Intensive Verbindungen im Bereich Frauenspiritualität, wie etwa die Ökumenischen Frauengottesdienste in der Roncalli-Kapelle seit über 20 Jahren, unterstreichen das wertschätzende Miteinander und die Kollegialität. Das zeigt sich immer wieder auch in den persönlichen Begegnungen das ganze Jahr über und in der Gastfreundschaft füreinander. Dafür bin ich sehr dankbar.
Was wünschst Du Dir im Verhältnis Friedenskirche und St. Bonifatius?

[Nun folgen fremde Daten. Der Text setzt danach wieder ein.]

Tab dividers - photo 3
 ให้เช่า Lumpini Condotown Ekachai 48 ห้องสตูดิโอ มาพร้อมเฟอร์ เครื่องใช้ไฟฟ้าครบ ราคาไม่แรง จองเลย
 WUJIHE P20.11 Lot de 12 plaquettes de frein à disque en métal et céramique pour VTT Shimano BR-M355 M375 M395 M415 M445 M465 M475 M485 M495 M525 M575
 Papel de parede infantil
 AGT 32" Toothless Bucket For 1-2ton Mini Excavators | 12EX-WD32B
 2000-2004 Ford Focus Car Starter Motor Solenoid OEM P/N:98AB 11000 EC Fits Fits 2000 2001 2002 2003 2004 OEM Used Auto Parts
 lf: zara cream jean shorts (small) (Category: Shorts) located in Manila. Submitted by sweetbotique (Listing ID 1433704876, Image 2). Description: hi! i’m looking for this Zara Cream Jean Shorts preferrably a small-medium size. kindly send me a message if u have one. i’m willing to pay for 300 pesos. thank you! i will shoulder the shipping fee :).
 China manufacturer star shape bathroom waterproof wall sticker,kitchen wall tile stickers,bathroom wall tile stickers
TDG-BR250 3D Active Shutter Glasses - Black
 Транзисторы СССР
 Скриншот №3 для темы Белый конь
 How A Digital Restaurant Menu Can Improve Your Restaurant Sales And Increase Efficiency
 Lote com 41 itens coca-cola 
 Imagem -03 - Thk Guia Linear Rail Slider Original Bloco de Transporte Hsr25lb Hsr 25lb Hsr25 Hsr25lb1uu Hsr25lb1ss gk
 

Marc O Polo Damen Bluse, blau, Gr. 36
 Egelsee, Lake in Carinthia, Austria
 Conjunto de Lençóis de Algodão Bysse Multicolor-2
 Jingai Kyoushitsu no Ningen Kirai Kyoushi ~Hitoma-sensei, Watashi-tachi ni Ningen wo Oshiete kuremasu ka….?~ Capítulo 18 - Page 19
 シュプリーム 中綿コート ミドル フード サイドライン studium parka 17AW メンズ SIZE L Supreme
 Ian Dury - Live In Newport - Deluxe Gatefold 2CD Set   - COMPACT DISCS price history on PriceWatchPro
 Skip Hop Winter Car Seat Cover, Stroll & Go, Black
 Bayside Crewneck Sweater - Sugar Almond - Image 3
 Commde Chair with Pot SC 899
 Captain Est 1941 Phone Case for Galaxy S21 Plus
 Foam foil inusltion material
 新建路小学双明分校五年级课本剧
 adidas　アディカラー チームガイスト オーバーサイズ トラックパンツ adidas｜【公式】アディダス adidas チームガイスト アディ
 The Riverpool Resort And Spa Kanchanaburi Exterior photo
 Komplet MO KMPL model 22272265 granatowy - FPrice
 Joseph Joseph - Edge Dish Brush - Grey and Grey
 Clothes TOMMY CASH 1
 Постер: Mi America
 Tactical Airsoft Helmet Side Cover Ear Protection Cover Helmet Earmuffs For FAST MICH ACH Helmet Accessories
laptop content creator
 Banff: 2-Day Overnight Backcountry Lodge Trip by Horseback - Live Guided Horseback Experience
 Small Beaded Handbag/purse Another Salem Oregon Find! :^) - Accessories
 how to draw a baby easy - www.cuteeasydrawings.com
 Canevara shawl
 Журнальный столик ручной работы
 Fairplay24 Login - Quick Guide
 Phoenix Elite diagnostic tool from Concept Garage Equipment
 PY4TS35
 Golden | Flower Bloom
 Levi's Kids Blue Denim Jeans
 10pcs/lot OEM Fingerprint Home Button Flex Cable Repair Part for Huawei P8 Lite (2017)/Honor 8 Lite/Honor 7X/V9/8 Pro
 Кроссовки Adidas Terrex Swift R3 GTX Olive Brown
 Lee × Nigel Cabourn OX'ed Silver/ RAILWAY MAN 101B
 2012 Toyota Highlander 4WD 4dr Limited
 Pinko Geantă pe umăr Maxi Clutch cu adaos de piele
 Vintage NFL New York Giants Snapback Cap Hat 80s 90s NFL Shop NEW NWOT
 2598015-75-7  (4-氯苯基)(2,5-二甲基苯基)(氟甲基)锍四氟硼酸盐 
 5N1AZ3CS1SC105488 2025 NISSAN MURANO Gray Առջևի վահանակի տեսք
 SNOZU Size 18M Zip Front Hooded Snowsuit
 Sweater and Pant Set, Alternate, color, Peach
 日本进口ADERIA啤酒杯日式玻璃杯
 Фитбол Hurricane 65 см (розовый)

Martin Buber sagte einmal: „Alles wirkliche Leben ist Begegnung“. Und ich bin zutiefst überzeugt, dass es die Begegnungen sind, die das Leben ausmachen. Und zwar die Begegnungen auf Augenhöhe. Auch in der Ökumene. Das ist manchmal nicht so selbstverständlich, wenn deutlich wird, dass in der Öffentlichkeit als „Ökumene“ oftmals einfach die „beiden“ Großkirchen stehen. Die sogenannten „kleinen“ Kirchen, zu der auch wir gehören, werden da manchmal „übersehen“.
Ich wünsche mir und uns in den Kirchen weiter den Mut, neugierig aufeinander zuzugehen, miteinander Neues zu wagen, Träumen zu trauen, zusammen zu feiern, wo und wann es möglich ist und miteinander im Gespräch zu bleiben.
Vielleicht nach dem Motto des Ökumenischen Weltgebetstags, das da heißt:
‚Informiert beten – betend handeln.‘ Also, am besten miteinander!